After being among the worst-hit countries by the pandemic last year, Italy began its vaccine campaign in late December but failed to focus exclusively on the most at-risk groups – the elderly.
Had it stuck more rigidly to the “ideal” plan of vaccinating older people, Italy would have suffered 8,000 fewer coronavirus deaths, according to expert Matteo Villa.
Villa, a researcher from the ISPI think-tank in Milan, said 33,000 people have died since early January. With more targeted jabs, “it could have been 25,000,” he said.
“An unbalanced strategy, the delays of the regions and vaccine cheats have brought us here,” he said on Friday.
IN CHARTS: Who is being vaccinated in Italy?
At a news conference late Thursday, Draghi warned regional governments they must improve vaccine efforts if they want to see current restrictive measures lifted, and attacked those taking jabs who were not in priority groups.
Draghi asked “in what conscience” people not eligible for the vaccine were “skipping the waiting list, trying to get vaccinated earlier, even knowing that, in this way, those over 65 or frail are left exposed to a real risk of death?”
His comments came as Italian media reported that up to 30 percent of vaccines in some regions appeared to have been incorrectly given to people who were not in priority groups.
Investigators concerned about mafia infiltration have ordered four regions – Sicily, Calabria, Campania and Valle D’Aosta – to turn over vaccination data and explain how they prioritised jabs.
Government data shows Italy has administered a total of 12 million vaccinations to date, with 4.2 million to those aged 80 and above and only 1.26 million to those in their 70s.
Meanwhile, 3.1 million have supposedly gone to health workers, a million to educational professionals – and 2.4 million to a hazy category defined as “others”.
In the regon of Puglia, thousands of the people classed as medical workers when being vaccinated were found to have no connection with the health service, the head of the region’s medical inspection unit told the Financial Times.
“We cross referenced the data with social security information and found there were many people getting doses with no right to them: friends of friends, associates, parents,” he said.
Italy’s national vaccination plan has already been criticised for allowing younger, healthier people to be vaccinated while more vulnerable older groups have been vaccinated in relatively low numbers.
Draghi on Thursday said this had to change: “The risk of death is highest for those over 75 years of age, so the elderly must be vaccinated as a matter of priority,” Draghi said.
Draghi said his government’s coronavirus emergency commissioner would now instruct regional health authorities to “stop vaccinating those under 60, young people, psychologists that are 35 years old”.
Under the previous government, Italy had initially prioritised healthcare workers and teachers as well as over-80s in the early phase of its vaccine roll-out.
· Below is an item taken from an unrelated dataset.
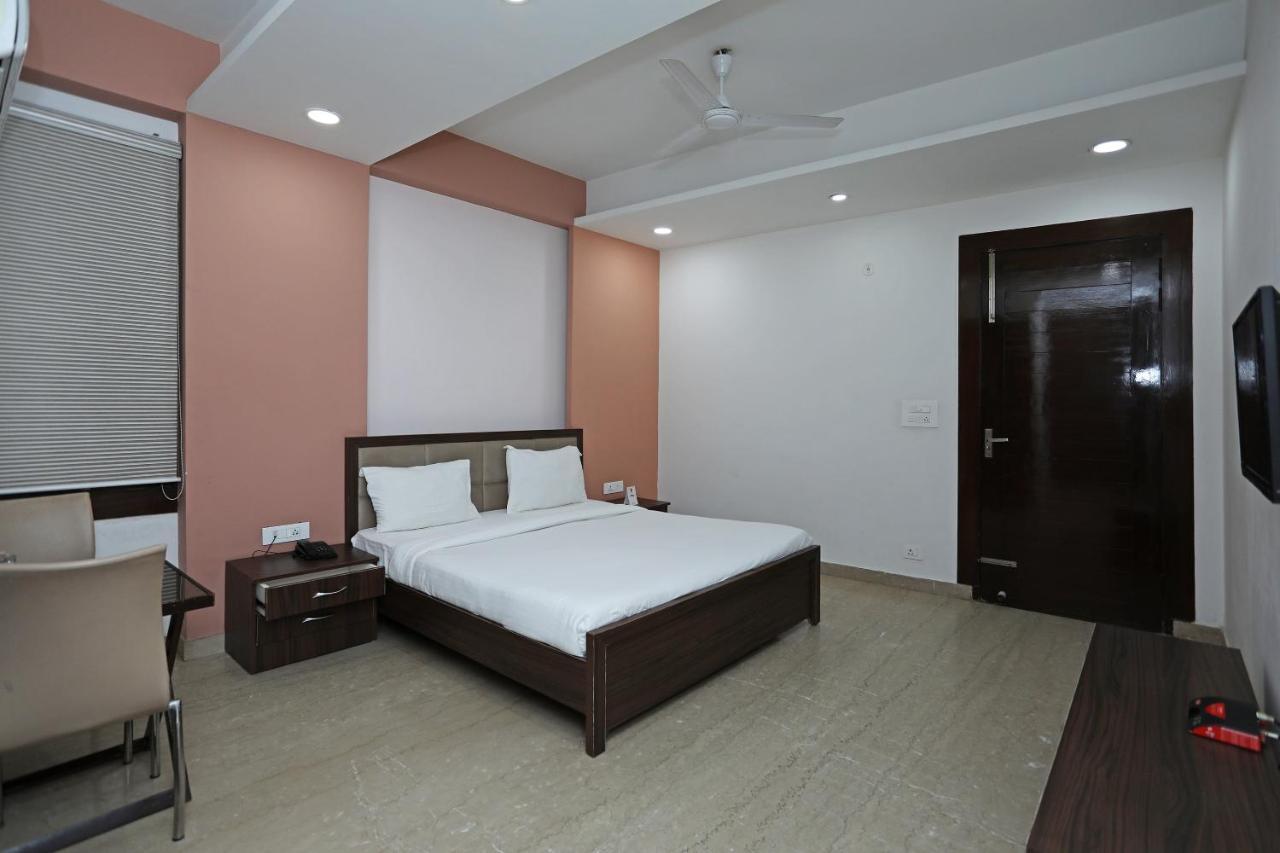 普里 Spot On 74347 Satyam Bhawan酒店 外观 照片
The aim of this plan was to protect front-line workers.
Meanwhile, some regional healthcare systems had more controversially prioritised vaccinating other groups of professionals first, including lawyers and journalists.
Academic researchers, many aged under 40 and working from home, have also been given vaccines as a priority.
Younger adults working in certain professions were initially given the vaccine when Italy was restricting the use of the AstraZeneca vaccine on older age groups – first saying it should not be used on over 55s, then over 65s.
In the latest change to the medical advice however, Italy is now recommending the AstraZeneca vaccine be used on over-60s only.
Emergency commissioner General Francesco Paolo Figliuolo on Thursday stated: “From today, the inoculation of the AstraZeneca vaccine is open to the 60-79 year old group, while those under 60 who have already received the first dose will also receive the second.”
He stressed that he would not revise Italy’s target of administering half a million doses daily by the end of April, despite the current average number of daily doses being around 240,000.
The prime minister meanwhile insisted on Thursday that: “The April doses are sufficient to vaccinate the entire population over eighty and most of the over 75”.
After Draghi’s government last updated the list of priority groups, the number of vaccine doses going to the over-70s had already increased at the start of April to six out of every ten shots administered.
However, 43 per cent of Italians aged 80 or over are still waiting for a first vaccine dose, the most recent available health ministry data shows, and 88 per cent of those aged 70-79 have not had their first dose.
The number of people in the 30-39 age group who have received a jab is currently similar to the number in their 70s.
There have also been major disparities across the country in the number of vaccines administered to the over-80s, in part due to the fact that each region manages its own health service and can set its own vaccination schedule.
The percentage of people over 80 who have been fully vaccinated ranges from almost 60 percent in South Tyrol to 14 percent in Sardinia, according to data analysis by the GIMBE independent evidence-based medicine foundation.
While Italy’s vaccine campaign is progressing similarly to those in other EU member states, the slower-than-hoped pace of the vaccine rollout is causing high levels of frustration in the country, as the death toll remains high, and is rising more sharply than in other major European countries.
Meanwhile, lockdown restrictions have been extended until at least the end of April and the government is not able to commit to reopening dates for the tourism sector and other businesses hit hard by the crisis and ongoing closures.